» MATERIAL PROVIDED:
====================

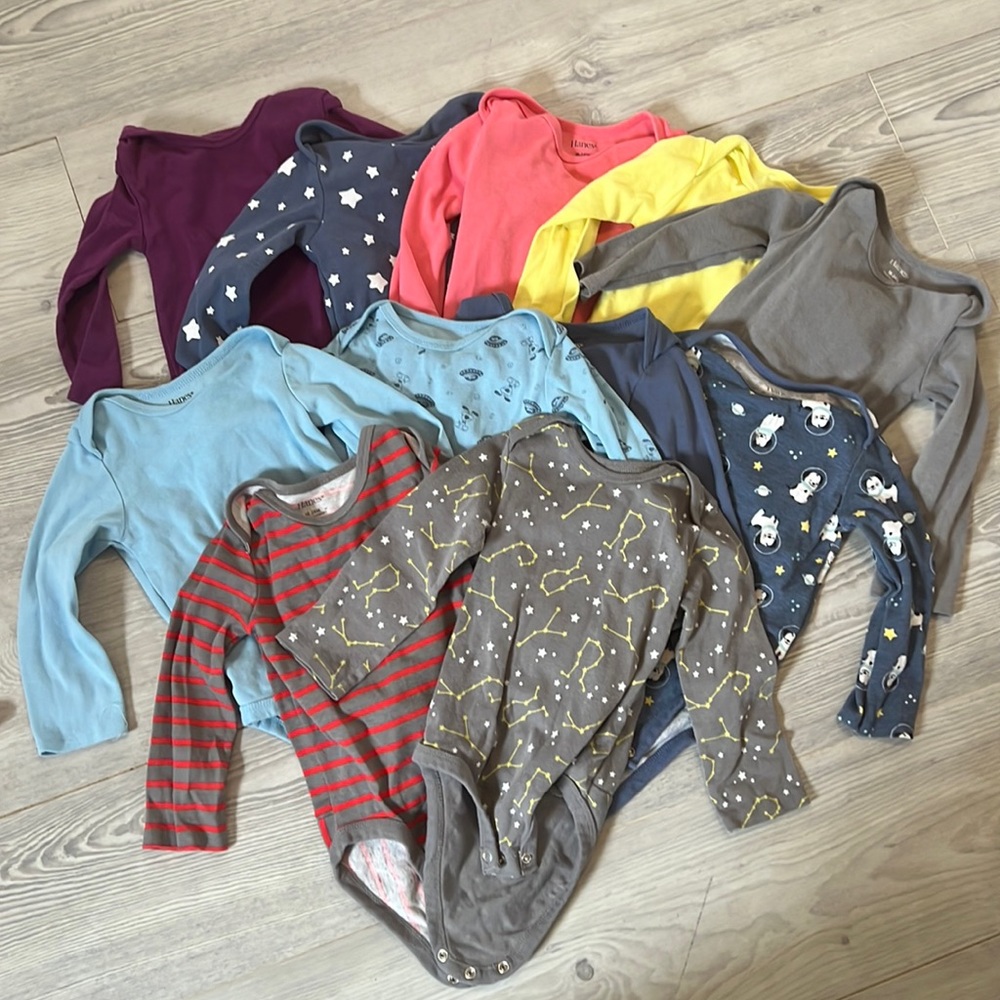 Long sleeve Onsie Bundle ⭐️✨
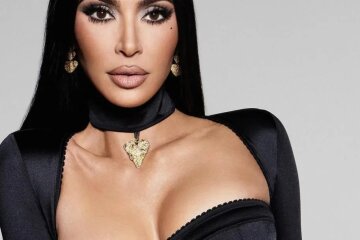 Kim Kardashian posed in a black corset for Skims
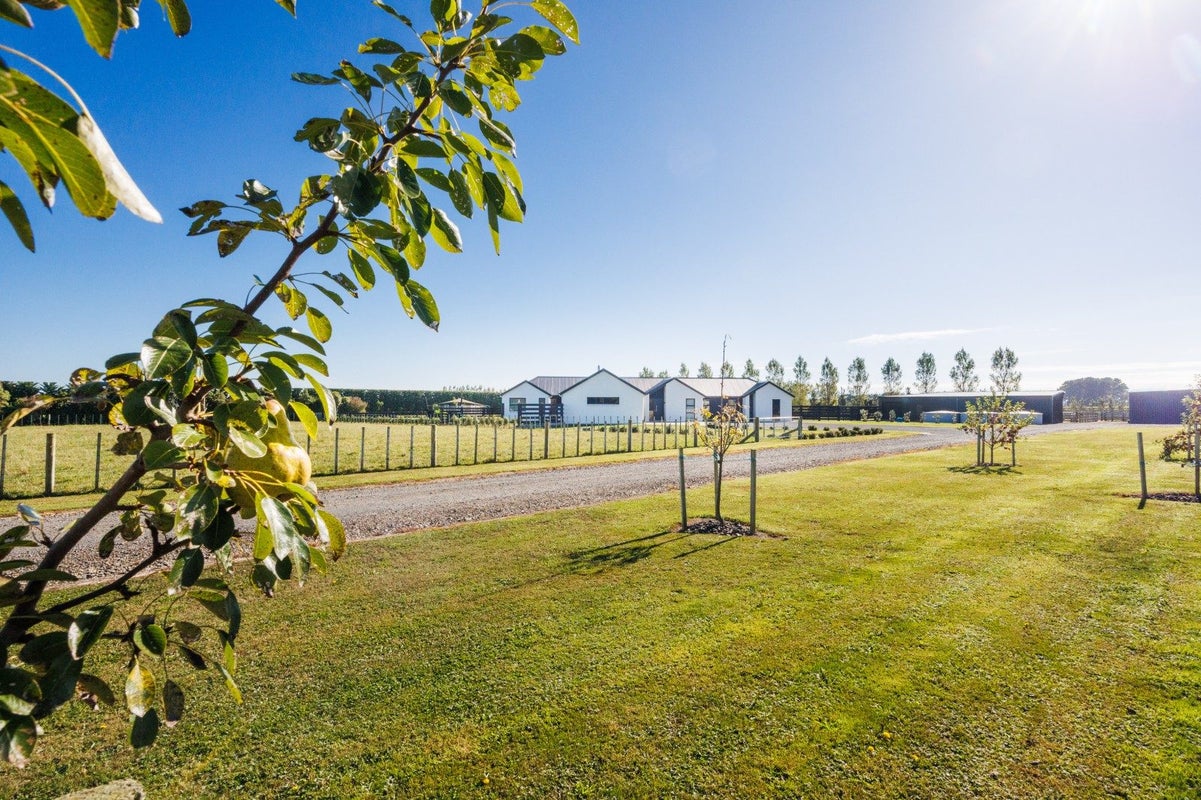 79 Jackeytown Road, Tiakitahuna, Palmerston North - Carousel 2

====================

» EXERCISE PROMPT:
Where pictures appear, skip them and transcribe all other material word for word.

» SOLUTION FOR THIS EXERCISE:
 Long sleeve Onsie Bundle ⭐️✨
 Kim Kardashian posed in a black corset for Skims
 79 Jackeytown Road, Tiakitahuna, Palmerston North - Carousel 2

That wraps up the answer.